Delivering on promises

That said, Netflix has been a uniquely transparent and reliable company with its disclosures, Shafer at Kagan said. "They're good at putting benchmarks out there and typically hitting them, at being open and honest about what's challenging. To me, that's part of the Netflix story and what investors are piling into," he said.

While competition is mounting and the streaming market is still underpenetrated around the globe, 2020 went a long way toward establishing the ecosystem as consumers were sheltering at home and expanding their digital entertainment horizons.
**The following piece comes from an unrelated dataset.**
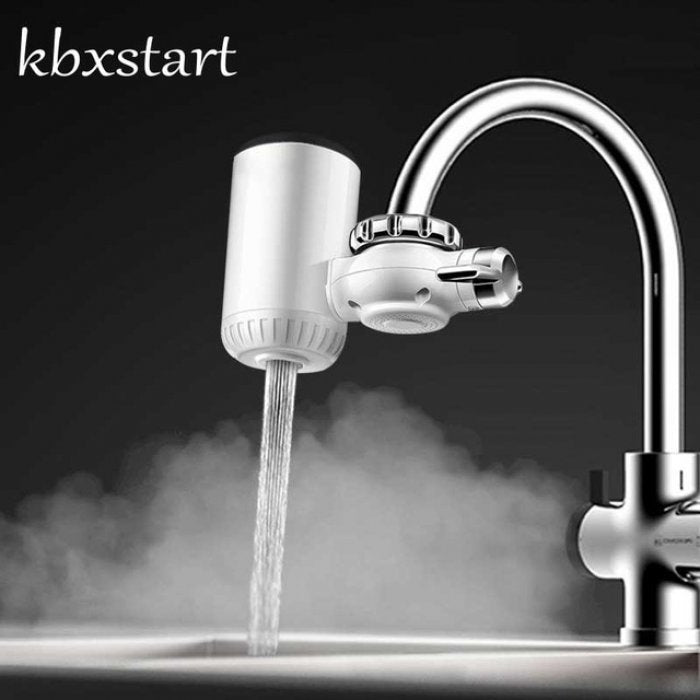Robinet Electric instant tip filtru pentru apa calda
And for a rapidly maturing market, Netflix is the most established and penetrated player, so its guidance on cash, debt and buybacks is likely fairly reliable, Shafer said.

"I think from a Netflix point of view, it's a growth market still, but we're not talking about investing in bitcoin," Shafer said. "It's pretty established where the industry is going and what we're talking about as far as market share."

Netflix reported record subscriber growth in 2020, up to 207.3 million members at the close of the year.

In fact, before conducting their Jan. 19 earnings webcast, Netflix's executive team tried to decide whether the stable cash position or hitting 200 million subscribers was the bigger news. It was a toss-up, CFO Spencer Neumann implied.

"Turning to this next chapter in terms of our free cash flow and the ability to self-fund our growth going forward ... we think that's a pretty big milestone for us," the CFO said.